#### [Entries shown]

------------

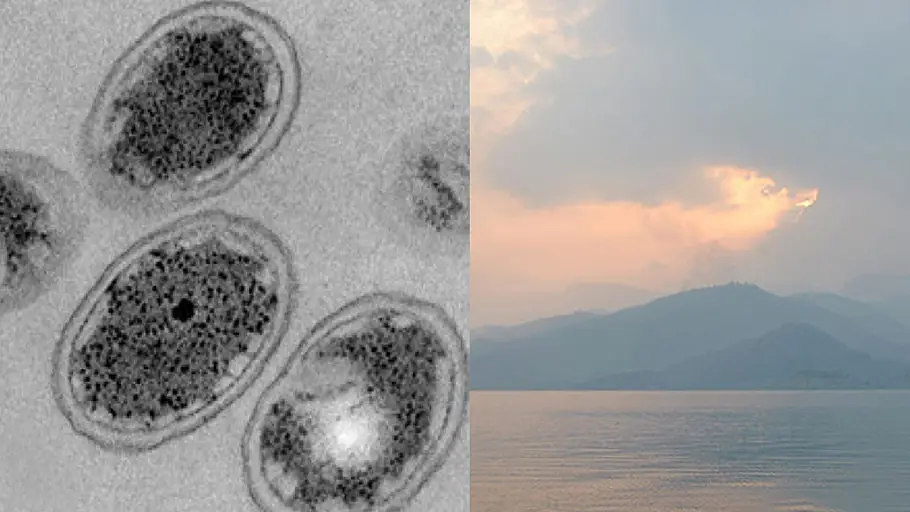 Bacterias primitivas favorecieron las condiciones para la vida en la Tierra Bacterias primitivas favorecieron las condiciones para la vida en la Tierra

------------

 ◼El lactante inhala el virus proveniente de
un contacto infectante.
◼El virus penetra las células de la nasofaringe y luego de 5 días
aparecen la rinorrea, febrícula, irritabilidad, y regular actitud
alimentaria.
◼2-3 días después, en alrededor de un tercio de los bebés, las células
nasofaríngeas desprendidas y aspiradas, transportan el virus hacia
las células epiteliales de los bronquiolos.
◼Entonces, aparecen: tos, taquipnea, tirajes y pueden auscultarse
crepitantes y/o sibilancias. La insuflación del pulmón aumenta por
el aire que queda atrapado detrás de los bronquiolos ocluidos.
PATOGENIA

------------

#### [Your objective]
Read through the entries, then copy every line where the string "virus" is found.

#### [Exercise answer]
 ◼El lactante inhala el virus proveniente de
◼El virus penetra las células de la nasofaringe y luego de 5 días
nasofaríngeas desprendidas y aspiradas, transportan el virus hacia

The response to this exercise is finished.